Anyone who has every looked at Facebook's Graph API knows that when you build a "Facebook App", you have the option to ask for more detailed access to the user's information (basic public profile information which you could screen-scrape anyhow is included).
The user gets a quite clear pop-up where he has to allow access to this information.
Once in a while, Facebook even tells the user "Hey! You might wanna go through your enabled Apps and disable some!"
So I don't understand the outrage? User permits developer access to his data. Developer is bound by Facebook API's ToS (which are often ignored, I guess).

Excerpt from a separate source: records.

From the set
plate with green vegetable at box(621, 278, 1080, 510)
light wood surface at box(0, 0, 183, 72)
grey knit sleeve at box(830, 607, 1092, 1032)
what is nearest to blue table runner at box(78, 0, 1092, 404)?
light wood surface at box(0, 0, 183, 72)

The thing is it's not "your" data if you live in the United States. Europe has strict data protection laws, the data belongs to the person who provides it and you may only use it for purposes they have already agreed to. This actually causes problem with things like medical research where it's actually illegal to use new techniques against old samples because people did not agree to the new use. You have to go back to them and get consent which can be inconvenient, costly or even impossible if they are deceased.

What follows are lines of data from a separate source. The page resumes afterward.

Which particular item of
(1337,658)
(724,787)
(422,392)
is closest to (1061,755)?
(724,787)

In the United States data belongs to the person who collects it. If you give an app permission to trawl your contacts, that data now belongs to them to do whatever they want. In this case the app developer did have an agreement with Facebook, but Facebook has absolutely no ability to prevent the developer from doing whatever he wants with the data he collected. They can sue him for breaching the agreement, but there's no way they can get the data back. It's already out there. There's no way to prove someone else doesn't have copy; that's the whole nature of electronic data. Of course none of this is ever mentioned when the story is covered by the media.

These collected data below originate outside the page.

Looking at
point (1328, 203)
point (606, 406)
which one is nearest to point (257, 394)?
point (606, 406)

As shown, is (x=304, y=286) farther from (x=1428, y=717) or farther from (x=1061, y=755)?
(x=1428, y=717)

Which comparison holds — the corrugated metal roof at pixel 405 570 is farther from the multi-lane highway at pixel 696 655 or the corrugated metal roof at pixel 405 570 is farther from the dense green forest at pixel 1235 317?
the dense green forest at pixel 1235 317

I really don't understand why this story is getting so much attention. From the coverage I've seen it seems to be because this can be linked to a firm that the Trump campaign used. Facebook is already well known to not be trustworthy with your private data. You really shouldn't put anything you don't want made publicly available on a social media website, even if you think you've restricted who can view it. Haven't most Facebook users had the site auto-post something without their consent? I know I once used an app that wanted to use photos from my Facebook albums. I uploaded a picture to my mobile album so I could import it in the app and Facebook posted the damn thing to all of my friends. But it's kind of silly to single out Facebook when there are thousands of smartphone applications, retailers and other companies that are doing the same thing. Some of the applications available for download are nothing more than trojan horses used to gain access to your information.
I do not have a Facebook account and I am reasonably sure that the "app" did not run on my phone.
What, do you think I am 12?
Looks like Trump must have paid someone to write this game for him to get MORE data on people!